**What you have to do:** Transcribe the data exactly, pictures excluded.

**Source material:**
*** Begin section ***

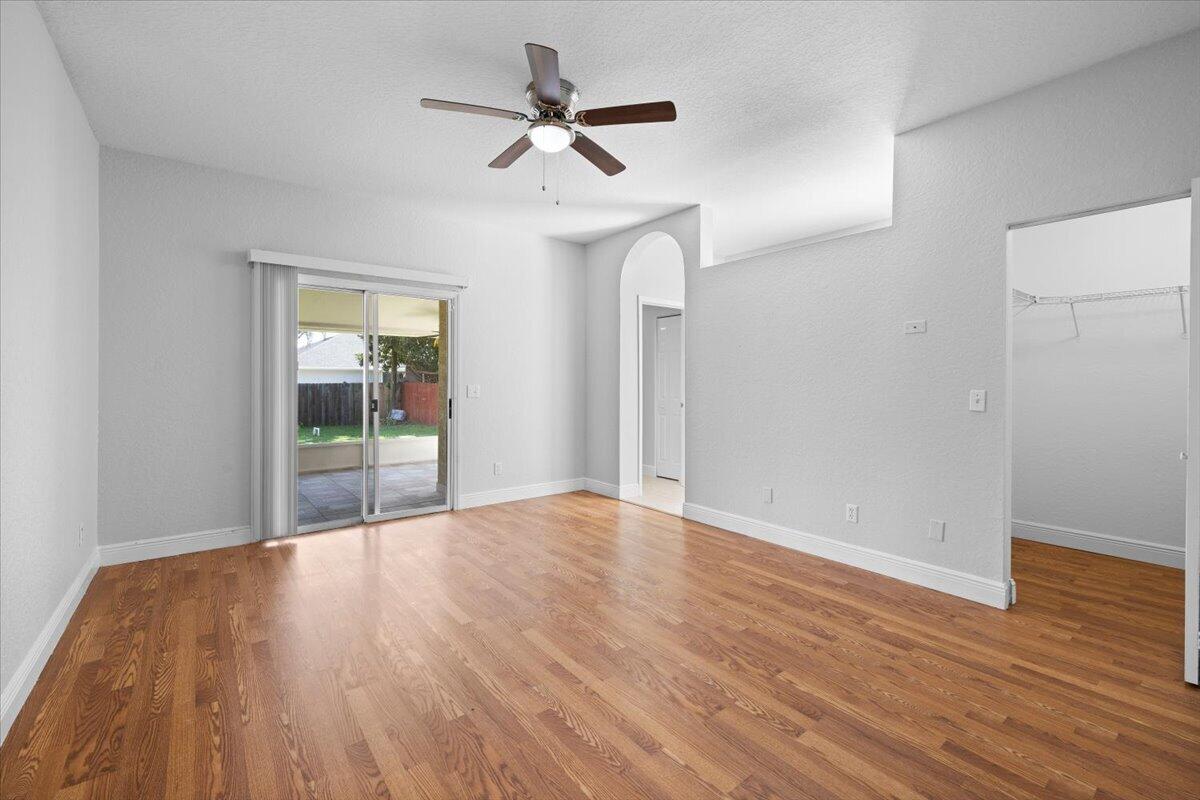 2385 Sw Neal Road Property Photo 17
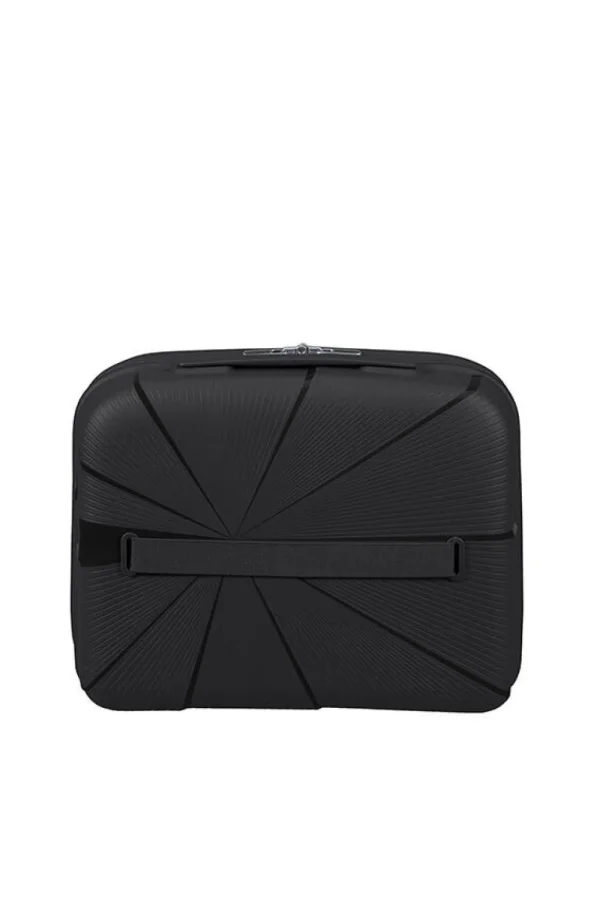 American Tourister StarVibe Kosmetiikkalaukku Black Sale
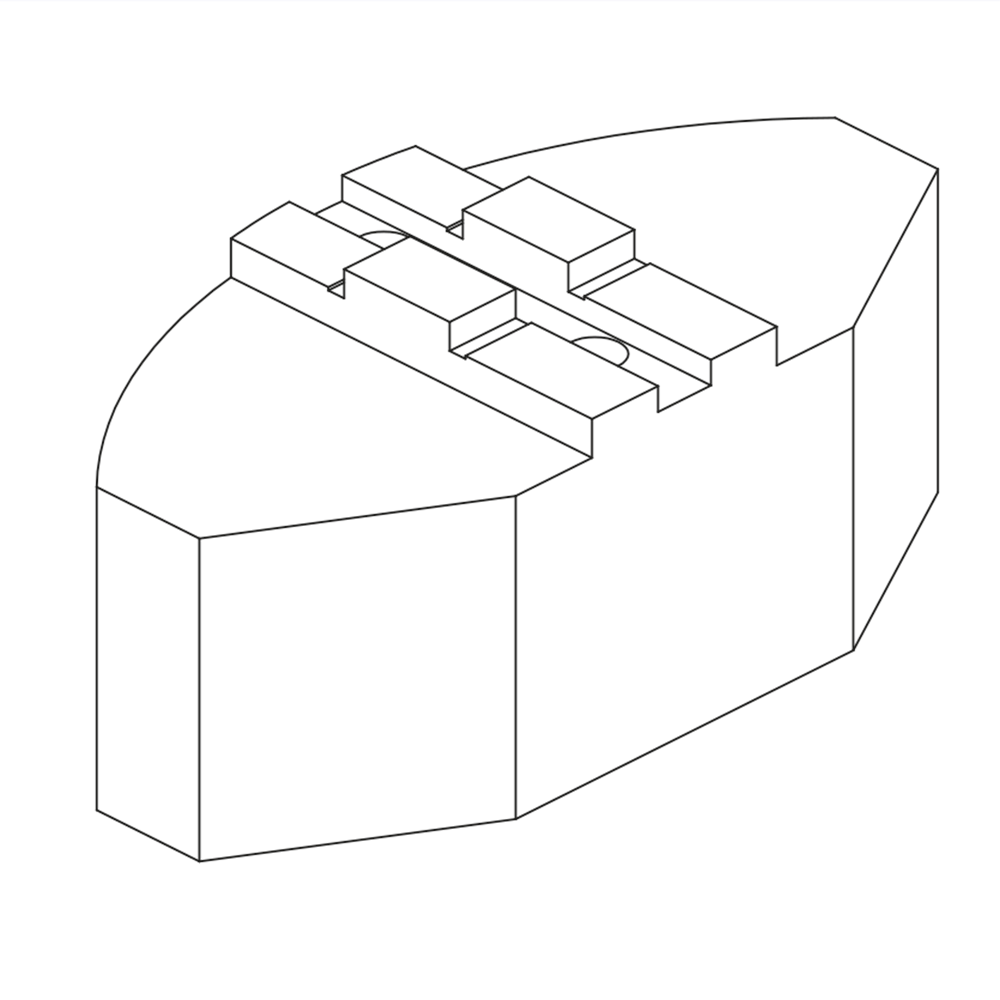 SBK-A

*** End section ***

**Result of this task:**
 2385 Sw Neal Road Property Photo 17
 American Tourister StarVibe Kosmetiikkalaukku Black Sale
 SBK-A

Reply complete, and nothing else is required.